I'm not sure what you mean by leave space for the corner bead? The corner bead goes over the corner. I prefer a plastic corner bead & I prefer to nail it. It's easier to spackle. The broken corner can be repaired. Cut a small piece of drywall & install it as if it were a jigsaw puzzle, one screw. Spackle & tape over it.


----------



## jaketrades (Mar 2, 2017)

Guap - by “leave space” for the bead I meant:


do I push the new piece of sheetrock flush with existing sheetrock at that 90 degree corner and then put a plastic bead on top. Or do I leave a small space for the bead and joint compound so they don’t protrude at the corner? 



Sent from my iPhone using Tapatalk


----------



## Guap0_ (Dec 2, 2017)

I always make the sheetrock flush.


----------



## 123pugsy (Oct 6, 2012)

The bead always protrudes. Blend in with mud.

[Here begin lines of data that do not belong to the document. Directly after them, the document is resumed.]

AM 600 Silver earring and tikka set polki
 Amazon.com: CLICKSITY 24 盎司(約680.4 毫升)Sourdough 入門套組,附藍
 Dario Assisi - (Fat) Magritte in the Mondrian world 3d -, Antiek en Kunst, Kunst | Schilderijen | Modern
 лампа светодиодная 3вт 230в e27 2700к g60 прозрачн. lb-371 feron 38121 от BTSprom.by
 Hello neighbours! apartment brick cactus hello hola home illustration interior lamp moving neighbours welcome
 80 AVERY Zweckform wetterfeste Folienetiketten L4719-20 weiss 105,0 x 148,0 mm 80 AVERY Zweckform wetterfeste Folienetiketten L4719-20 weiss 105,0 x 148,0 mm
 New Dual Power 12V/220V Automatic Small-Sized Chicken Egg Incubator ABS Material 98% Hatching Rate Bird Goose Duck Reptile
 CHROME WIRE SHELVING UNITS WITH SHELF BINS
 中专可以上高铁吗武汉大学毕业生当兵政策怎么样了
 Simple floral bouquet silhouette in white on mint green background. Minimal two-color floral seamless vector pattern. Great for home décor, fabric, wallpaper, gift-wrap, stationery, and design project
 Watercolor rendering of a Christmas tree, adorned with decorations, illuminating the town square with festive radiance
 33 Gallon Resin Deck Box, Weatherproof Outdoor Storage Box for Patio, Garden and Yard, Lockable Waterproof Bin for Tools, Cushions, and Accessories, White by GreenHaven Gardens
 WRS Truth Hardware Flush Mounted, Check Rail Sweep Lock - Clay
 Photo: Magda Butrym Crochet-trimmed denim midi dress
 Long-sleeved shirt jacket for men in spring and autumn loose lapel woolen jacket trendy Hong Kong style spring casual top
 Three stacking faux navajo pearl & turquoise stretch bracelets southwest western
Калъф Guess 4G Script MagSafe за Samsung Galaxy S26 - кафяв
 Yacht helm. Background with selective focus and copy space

I wouldn't try to screw a small bit of drywall like that. It will break for sure. A bit of mud, stick the piece in and mud/tape over it.


----------



## mark sr (Jun 13, 2017)

I've always used metal corner bead. I agree, just prefill the little missing chunk.


----------



## jeffmattero76 (Jan 4, 2016)

Outside corners are not really 90 degrees at that corner bead. The actual corner of the bead projects slightly from the face of the sheetrock. Mud then spans from that corner back to the sheet rock. If you put a framing square on the corner of an existing wall, I think you will see what I am trying to describe. One tip, after installing metal corner bead, I always run tape where the edge of the bead meets the drywall. Helps to stop any cracking if someone bumps into the corner a little to hard.

For the damaged area that small, I usually roll up some fiberglass mesh tape and stick it in the recess, and then mud over it. Another option would be to google "blowout patch". Cut the damageday area to a square. Cut another piece of drywall 2 inches wider than the measurements of the square. On the back of the new piece, leave the face paper, but cut the back paper and gypsum 1 inch back on all sides. Done correctly, the new piece will have 1 inch wide flaps on all sides. Put mud on the wall and press the blowout patch into the hole. Add more mud on top and finish like finishing a taped joint. It's much easier to do than to describe, and it works great.


----------



## ron45 (Feb 25, 2014)

Just my opinion...

A seam should never be over a door or window, they will always/continue to crack.


----------